▶ _BRIEF_:
Take the material below and extract the lines from the one with "Porsche Porsche 911" through the one with "2 Broke Girls – 6 Staffel 18 Folge", word for word, without pictures.

▶ _SOURCE RECORDS_:
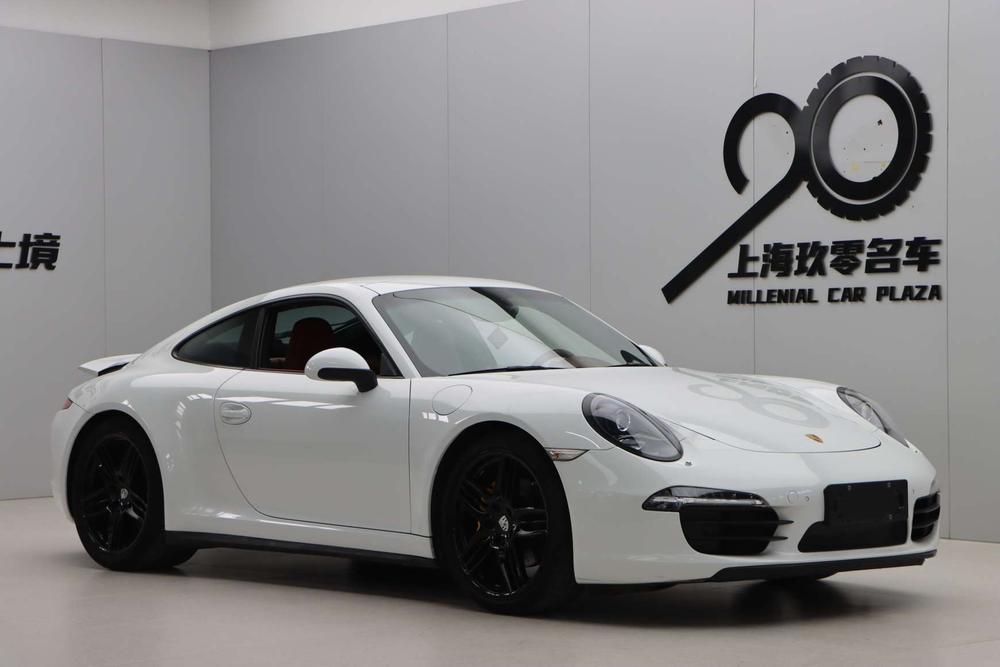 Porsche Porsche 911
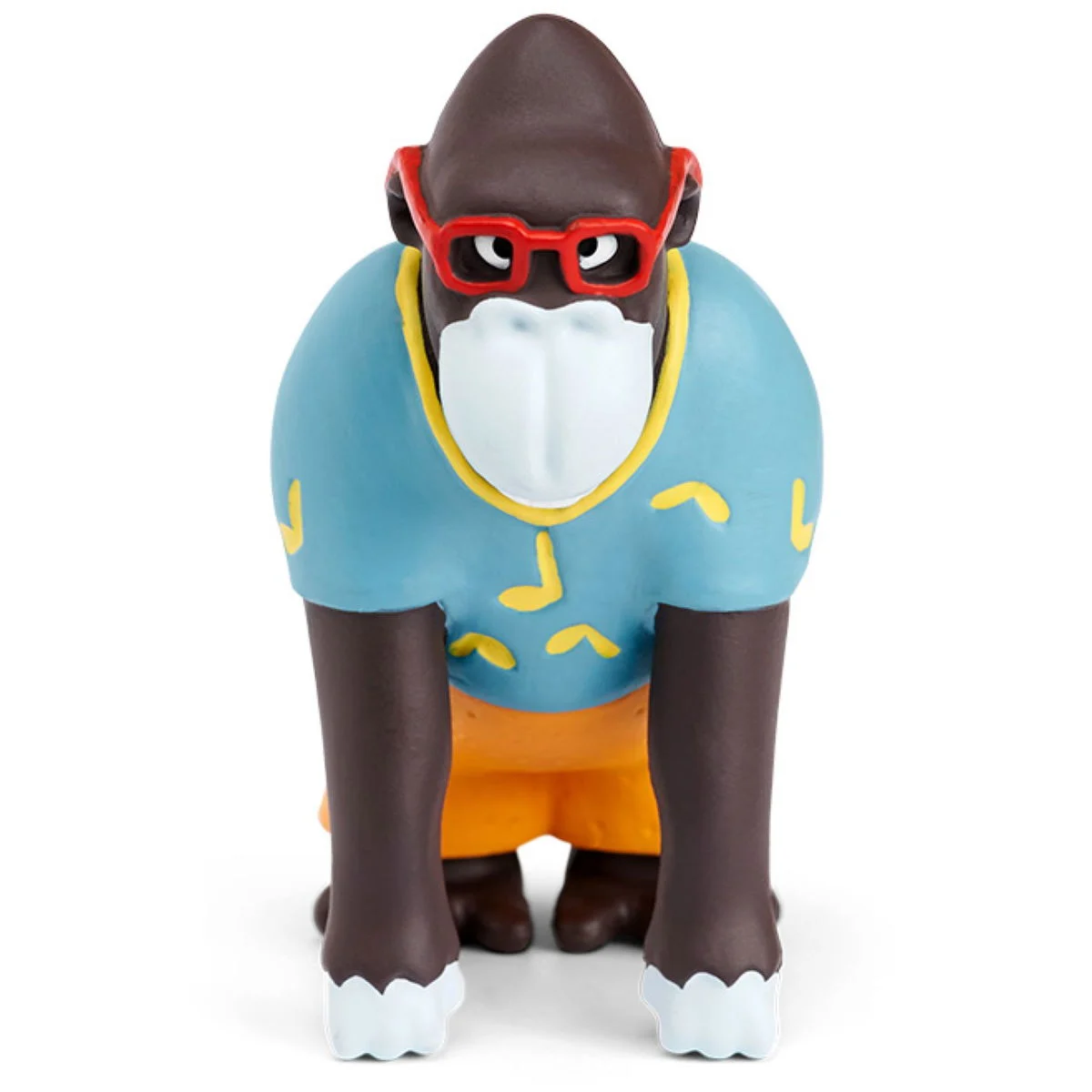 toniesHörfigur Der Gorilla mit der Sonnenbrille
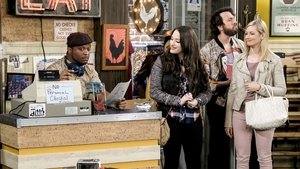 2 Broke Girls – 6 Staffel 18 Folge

...

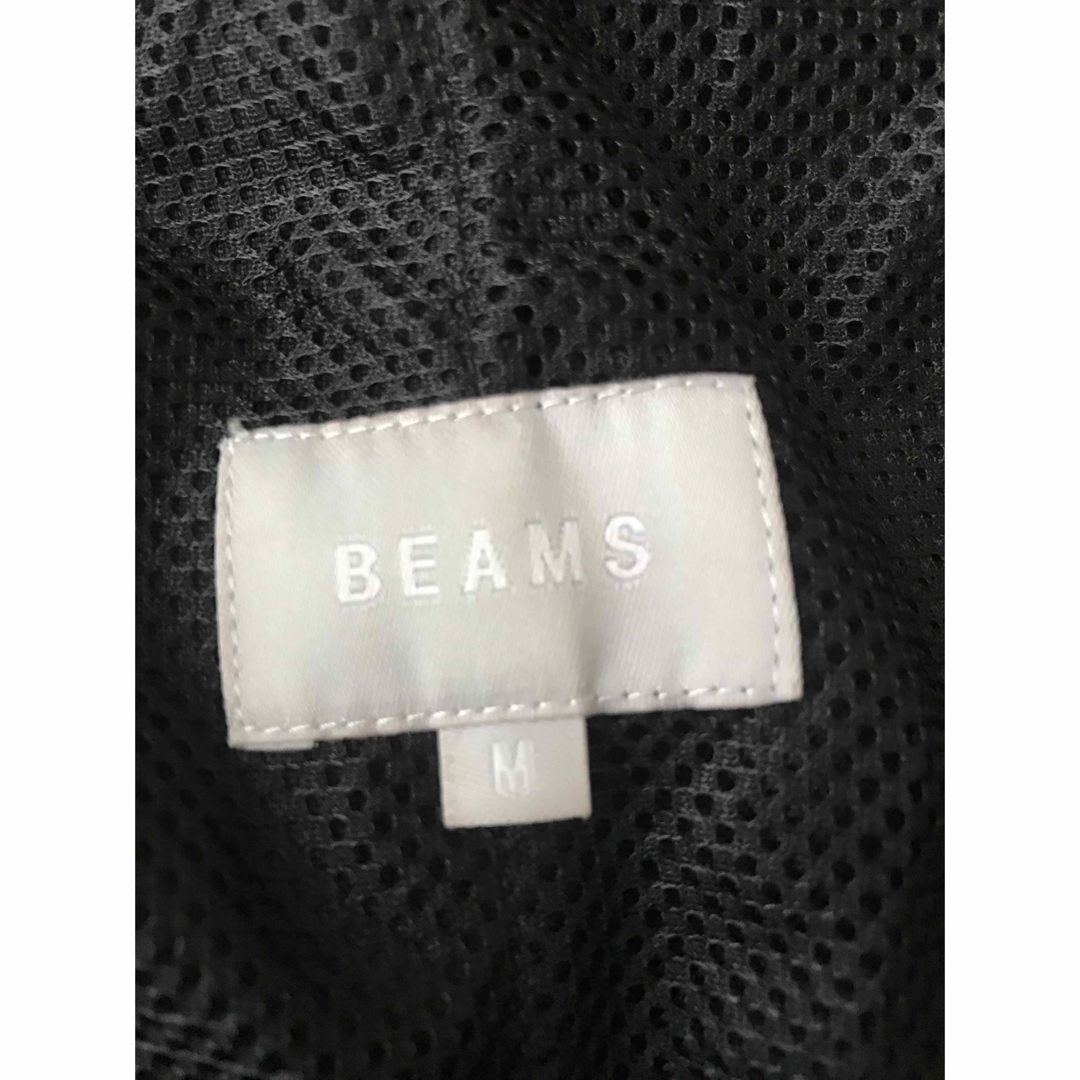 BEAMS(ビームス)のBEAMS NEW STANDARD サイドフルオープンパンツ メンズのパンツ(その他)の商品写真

▶ _ANSWER FOR THE TASK_:
 Porsche Porsche 911
 toniesHörfigur Der Gorilla mit der Sonnenbrille
 2 Broke Girls – 6 Staffel 18 Folge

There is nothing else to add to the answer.